On June 18, 1178, five monks at Canterbury reported something exploding on the moon shortly after sunset (only known observation). From the article:
"The Mysterious Case of Crater Giordano Bruno
A band of 12th century sky watchers saw something big hit the Moon 800 years ago. Or did they? A new study suggests the event was a meteoritic trick of the eye.
April 26, 2001 -- Imagine the shock and amazement of five people who, in 1178 A.D., spied what appeared to be "fire, hot coals, and sparks" bursting forth from the Moon! Apparently something (and it was big) must have hit Earth's satellite.
What was it they saw? Until recently many astronomers thought that well-chronicled event coincided with the formation of lunar crater Giordano Bruno -- the youngest substantial impact feature on the Moon. But that popular idea doesn't hold up under scientific scrutiny, says Paul Withers of the University of Arizona Lunar and Planetary Laboratory.

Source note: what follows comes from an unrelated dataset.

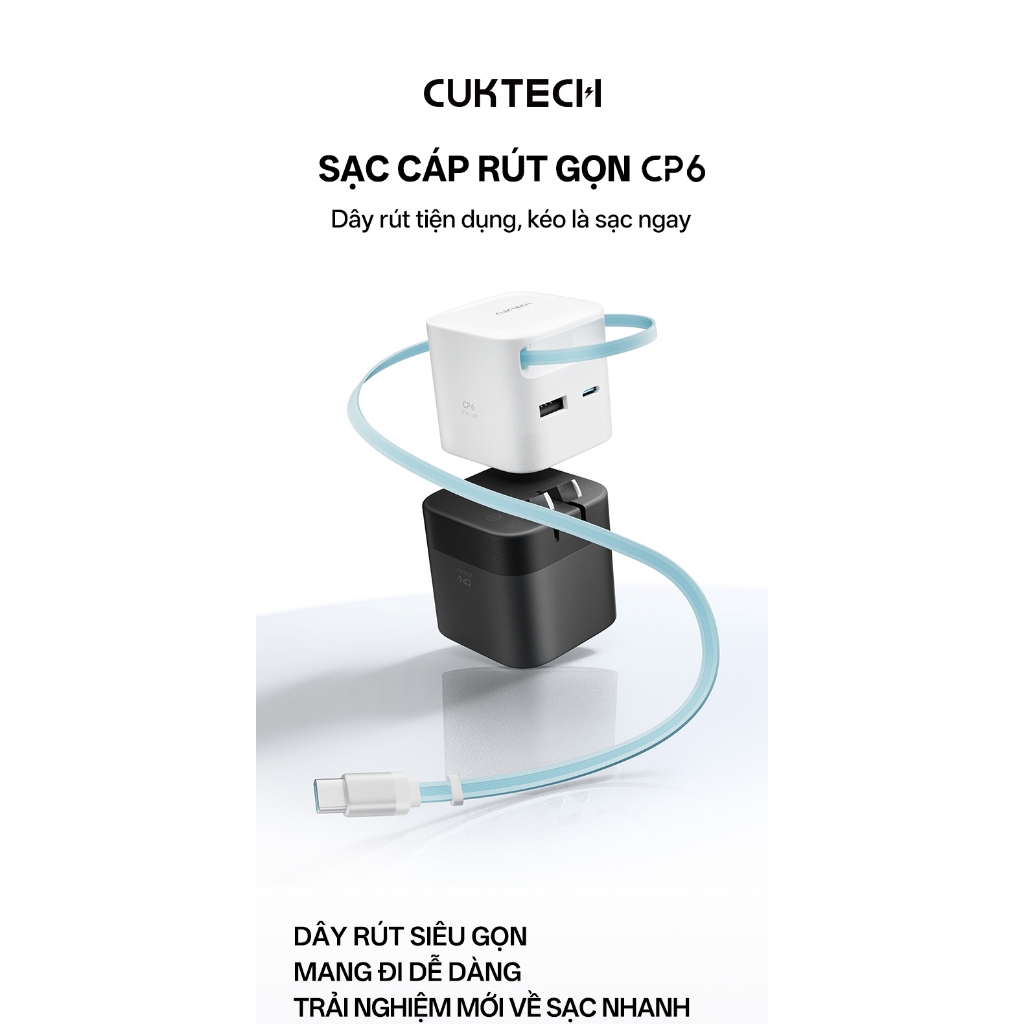 Củ sạc GaN CUKTECH CP6 67W tích hợp cáp rút gọn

Such an impact would have triggered a blizzard-like, week-long meteor storm on Earth -- yet there are no accounts of such a storm in any known historical record, including the European, Chinese, Arabic, Japanese and Korean astronomical archives. Withers reported his analysis and other tests of the hypothesis in this month's issue of Meteoritics and Planetary Science.
The dramatic passage in question appears in the medieval chronicles of Gervase of Canterbury.
About an hour after sunset on June 18, 1178 A.D., a band of five eyewitnesses watched as the upper horn of the bright, new crescent Moon "suddenly split in two. From the midpoint of this division a flaming torch sprang up, spewing out . . . fire, hot coals and sparks. . .The body of the moon, which was below writhed. . .throbbed like a wounded snake." The phenomenon recurred another dozen times or more, the witnesses reported.
A geologist suggested in 1976 that this account is consistent with the location and age of the 22-kilometer (14-mile) lunar crater Giordano Bruno, the youngest crater of its size or larger on the Moon.
Based on the size of the crater, it must have been a one-to-three kilometer wide (a half-mile to almost 2-mile wide) asteroid that blasted Giordano Bruno into the Moon's northeast limb. Such an impact on the Earth would be "civilization threatening" -- so it is important to know if such an event happened on the Moon less than a millennium ago, Withers noted.
The impact would have launched 10 million tons of ejecta into the Earth's atmosphere in the following week, previous studies have shown. In the Meteoritics article, Withers reports his calculations on the properties of the subsequent meteor storm.
Left: The impact of a meteorite large enough to form Giordano Bruno would have unleashed a major meteor storm, Withers calculated, comparable to the 1966 Leonids meteor shower pictured here. (During the '66 storm, as many as 100,000 meteors per hour were recorded in some locations.)
"I calculate that this would cause a week-long meteor storm comparable to the peak of the 1966 Leonids," he said. Ten million tons of rock showering the entire Earth as pieces of ejecta about a centimeter across (inch-sized fragments) for a week is equivalent to 50,000 meteors each hour.
"And they would be very bright, very easy to see, at magnitude 1 or magnitude 2. It would have been a spectacular sight to see! Everyone around the world would have had the opportunity to see the best fireworks show in history," Withers said.
Yet no vigilant 12th century sky watcher reported such a storm.
So what did the witnesses see that the Canterbury monk recorded?
"I think they happened to be at the right place at the right time to look up in the sky and see a meteor that was directly in front of the moon, coming straight towards them," Withers said. This idea was strongly suggested by others in a 1977 scientific paper."